# Steam Juicer yields



## gaudet (May 3, 2009)

Just FYI, there was a lot of recent talk about steam juicing and I thought I would post my juice yields from a recent run.

I juiced 18#'s of mulberries last week and got just at 2 gallons fresh pure juice.

I also juiced 25 pounds of frozen strawberries yesterday and got 2.75 gallons of pure juice.


----------



## Tom (May 3, 2009)

*gaudet* 

Thanks so you need about 1 1/2 gal water and suger to bring it up to gravity and 6 gallons.
That is much more extraction then if you put the fruit in without steaming.


----------



## Wade E (May 3, 2009)

Dont forget that water is being added to that amount with steam but that is great!


----------



## gaudet (May 3, 2009)

I plan to steam 6 of the 10 gallons of blackberries tomorrow and can them.

I will post some yields here as well. I add 2 cups sugar to each run to aid in the extraction and sweeten the juice somewhat.

We decided that it would be wise to can everything as we get it so that we won't lose it in a hurricane as we did with all our wonderful blueberries last year. We can juice and then make jellies, wines, jams, and preserves later. We are keeping a few quart bags of each for desserts and such.


----------



## Wade E (May 3, 2009)

And keep some ready for F-Pacs!


----------



## IQwine (May 3, 2009)

hmmm.... sounds like I need to check on a steam juicer soon


----------



## grapeman (May 3, 2009)

gaudet you sure do talk about hurricanes a lot! Not sdure how I would deal with them. I would hate to keep losing housing, food, clothing etc, every few years! I think the juicer is a great option for all of you with a lot of fresh fruit available.


----------



## vcasey (May 3, 2009)

You know my boys used to hope for hurricanes (anything to get out of school). After we were hit one after another a couple of years back they changed their mind. Apparently it was too much of a disruption for school. 
VPC


----------



## gaudet (May 4, 2009)

appleman said:


> gaudet you sure do talk about hurricanes a lot! Not sdure how I would deal with them. I would hate to keep losing housing, food, clothing etc, every few years! I think the juicer is a great option for all of you with a lot of fresh fruit available.



Been through a bunch of em, Andrew & Katrina to name the biggest ones. I stayed here last year thru Gustav. Haven't lost the house or clothes yet. But we have had our share of spoiled food. I think we only lost 4 gallons of blueberries, and an untold amount of blackberries. Not going to happen this year....


----------



## Tom (May 4, 2009)

guadet,
After you steam all the fruit you can ship it to ME in NJ.


Trust me I will take good care if it


----------



## grapeman (May 4, 2009)

tepe said:


> guadet,
> After you steam all the fruit you can ship it to ME in NJ.
> 
> 
> Trust me I will take good care if it




So where do you want the dejuiced fruit goo shipped?


----------



## Tom (May 4, 2009)

Gaudet can ship the to you.

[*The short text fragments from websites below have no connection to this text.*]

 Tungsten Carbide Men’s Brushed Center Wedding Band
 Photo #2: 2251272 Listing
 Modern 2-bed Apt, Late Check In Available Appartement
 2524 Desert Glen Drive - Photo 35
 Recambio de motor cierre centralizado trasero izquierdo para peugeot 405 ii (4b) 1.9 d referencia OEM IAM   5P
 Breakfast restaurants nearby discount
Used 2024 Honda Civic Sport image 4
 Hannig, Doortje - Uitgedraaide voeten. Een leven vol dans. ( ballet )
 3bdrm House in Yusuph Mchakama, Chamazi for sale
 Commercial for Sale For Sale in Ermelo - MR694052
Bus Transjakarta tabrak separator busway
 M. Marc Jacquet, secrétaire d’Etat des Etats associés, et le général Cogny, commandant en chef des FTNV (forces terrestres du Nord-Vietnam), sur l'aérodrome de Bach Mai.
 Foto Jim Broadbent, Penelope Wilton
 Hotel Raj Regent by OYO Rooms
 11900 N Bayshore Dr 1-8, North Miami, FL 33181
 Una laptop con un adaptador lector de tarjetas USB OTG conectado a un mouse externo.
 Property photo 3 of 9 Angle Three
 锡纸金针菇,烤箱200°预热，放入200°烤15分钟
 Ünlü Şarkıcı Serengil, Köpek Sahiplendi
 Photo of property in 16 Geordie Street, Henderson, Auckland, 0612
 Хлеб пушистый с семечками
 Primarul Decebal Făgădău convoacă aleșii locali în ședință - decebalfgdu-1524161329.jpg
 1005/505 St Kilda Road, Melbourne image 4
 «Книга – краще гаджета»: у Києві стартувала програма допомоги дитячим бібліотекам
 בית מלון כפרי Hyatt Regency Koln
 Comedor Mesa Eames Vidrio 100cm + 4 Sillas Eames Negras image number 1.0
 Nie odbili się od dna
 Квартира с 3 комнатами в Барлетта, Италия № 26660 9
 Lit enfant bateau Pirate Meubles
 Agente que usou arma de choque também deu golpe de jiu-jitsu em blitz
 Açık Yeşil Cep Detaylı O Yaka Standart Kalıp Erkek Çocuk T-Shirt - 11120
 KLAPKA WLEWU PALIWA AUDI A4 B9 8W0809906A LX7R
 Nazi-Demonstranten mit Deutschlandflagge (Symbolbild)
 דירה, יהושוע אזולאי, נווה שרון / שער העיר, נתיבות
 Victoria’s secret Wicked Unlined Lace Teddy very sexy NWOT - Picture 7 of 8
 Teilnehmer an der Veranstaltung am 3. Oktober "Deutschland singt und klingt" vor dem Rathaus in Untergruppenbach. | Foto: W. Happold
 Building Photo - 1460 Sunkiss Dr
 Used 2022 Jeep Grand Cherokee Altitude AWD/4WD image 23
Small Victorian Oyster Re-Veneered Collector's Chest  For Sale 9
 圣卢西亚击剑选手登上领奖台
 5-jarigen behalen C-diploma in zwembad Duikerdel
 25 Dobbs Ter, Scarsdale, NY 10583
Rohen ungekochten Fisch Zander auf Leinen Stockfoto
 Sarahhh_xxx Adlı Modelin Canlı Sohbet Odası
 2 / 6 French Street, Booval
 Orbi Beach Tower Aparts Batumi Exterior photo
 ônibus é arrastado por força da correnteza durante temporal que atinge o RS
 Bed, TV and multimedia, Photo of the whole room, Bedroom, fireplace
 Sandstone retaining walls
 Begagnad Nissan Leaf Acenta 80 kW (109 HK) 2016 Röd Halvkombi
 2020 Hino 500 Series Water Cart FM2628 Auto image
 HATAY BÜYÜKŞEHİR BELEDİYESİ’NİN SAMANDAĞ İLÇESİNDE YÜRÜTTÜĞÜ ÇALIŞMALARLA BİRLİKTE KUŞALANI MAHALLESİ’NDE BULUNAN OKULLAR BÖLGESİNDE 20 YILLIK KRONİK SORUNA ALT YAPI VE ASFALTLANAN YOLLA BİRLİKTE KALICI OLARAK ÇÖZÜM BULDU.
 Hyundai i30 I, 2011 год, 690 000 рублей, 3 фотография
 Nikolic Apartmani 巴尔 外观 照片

I hear the "goo" is a great fertilizer for your vines. I also heard of someone in CA that compost the grape skins and adds them to the soil over the vines


----------



## gaudet (May 4, 2009)

After steaming the strawberries, I followed a recipe in my wife's cookbook and made preserves with the pulp. Sugar it up and the flavors just pop right out. The pulp from those berries made16 half pint jars full of delicious preserves. 

Waste not want not


----------



## Tom (May 4, 2009)

I guess you will not be shipping the "GOO" to appleman then.
Offer still stands. You can ship all the quarts of juice here for "safe" keeping.


----------



## gaudet (May 4, 2009)

Ok Tepe,

As long as you promise to keep it safe for me........


----------



## gaudet (May 4, 2009)

Getting a late start today. I plan to juice 6 gallons of blackberries. The first 4 bags weighed in right at 20 pounds.


----------



## Tom (May 4, 2009)

How many pounds of blackberries can you put in the steamer and how long will it take


----------



## gaudet (May 4, 2009)

I was able to fit about 10 pounds from start to finish each run will take about an hour to 1.5 hours. I think each run will give me right near or a little over a gallon.


----------



## gaudet (May 4, 2009)

I have a total of 31 pounds of berries if the first run was any indication, then I should get another 1.25 gallons from each run. 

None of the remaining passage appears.